Navigating through the game menus is very simple. The game is easily controlled with either the standard Xbox 360 controllers or the Big Button Pads. Of course, the game show feel of the title best lends itself to the use of the buzzers. The Big Button Pad controller is a simple design that feels good in the hand. The large button at one end is easily and quickly depressed, so it functions as a buzzer. The buzzer also can be used to navigate through menus by pressing on the top, bottom, left or right side much like a D-Pad. The rest of the buttons correspond to the red, green, blue, and yellow buttons found on the face of your standard Xbox 360 controllers. These buttons are organized vertically with a point in relief on the second button from the top. This makes it easy to quickly access the appropriate button without having to waste time looking down to orient your finger positioning. These controllers are wireless via an infrared input that you'll have to run through the USB slots of your Xbox 360.
The IR controls, paired with the fact that they require two AA batteries for each controller leaves gamers longing for the true wireless technology of the 360. Fortunately, it's not that big of a deal. The IR cord is long and thin enough to accommodate any entertainment center, and it functions flawlessly. Overall, the four packed-in controllers are worth it because they increase the play value by streamlining and simplifying the controls for players of all ages. This is a game that your parents will probably want to play, will enjoy playing, and at which they will excel. This may open them up to the idea of interactive video gaming, and in turn get you more games this holiday season. Microsoft is definitely taking a page out of Nintendo's book and trying to appeal to a much larger audience with this game.

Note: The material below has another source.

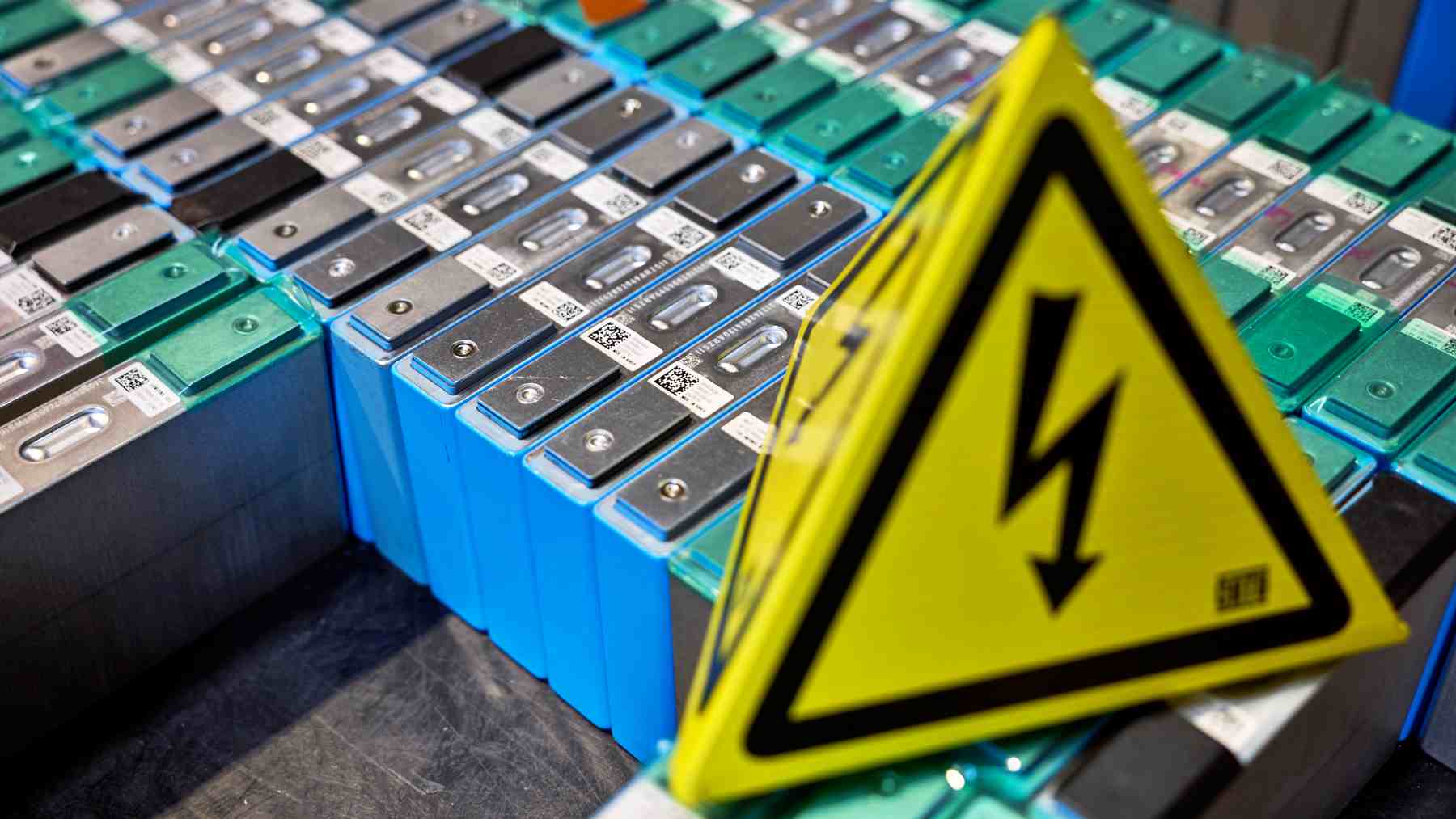 El gigante chino que más baterías eléctricas fabrica en el mundo quiere que todas las de los coches eléctricos se diseñen igual: BMW, Renault, Volvo y Xiaomi ya dicen «sí» a su estandarización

There are only two modes of play, and one of them is not particularly well thought out. This is unfortunate because it will essentially leave you playing only one of the two modes. In both Party and Play Now, the first person to answer correctly will get the most points. Party Play mode differentiates itself from Play Now in that it continually selects challenges at random. This mode could have been good except for the fact that once a player has selected their answer, it is visible to the other three. This has the effect of keeping games tighter than they really should be. We made a rule that you couldn't look at the other players' answers, but the occasional glance when you are stumped is inevitable. Furthermore, you have to play Party Play with four players or you'll be constantly waiting for the timer to expire before you can move on to the next round. This really makes game pacing in Party Play slow for three or fewer players. The Play Now mode, thankfully, keeps your answers hidden from view while dividing the game into categories and rounds. It also moves at a much faster pace and allows you to choose between either short or long duration games. This will be the mode that nearly everyone will play due to the greater level of competition and faster pacing.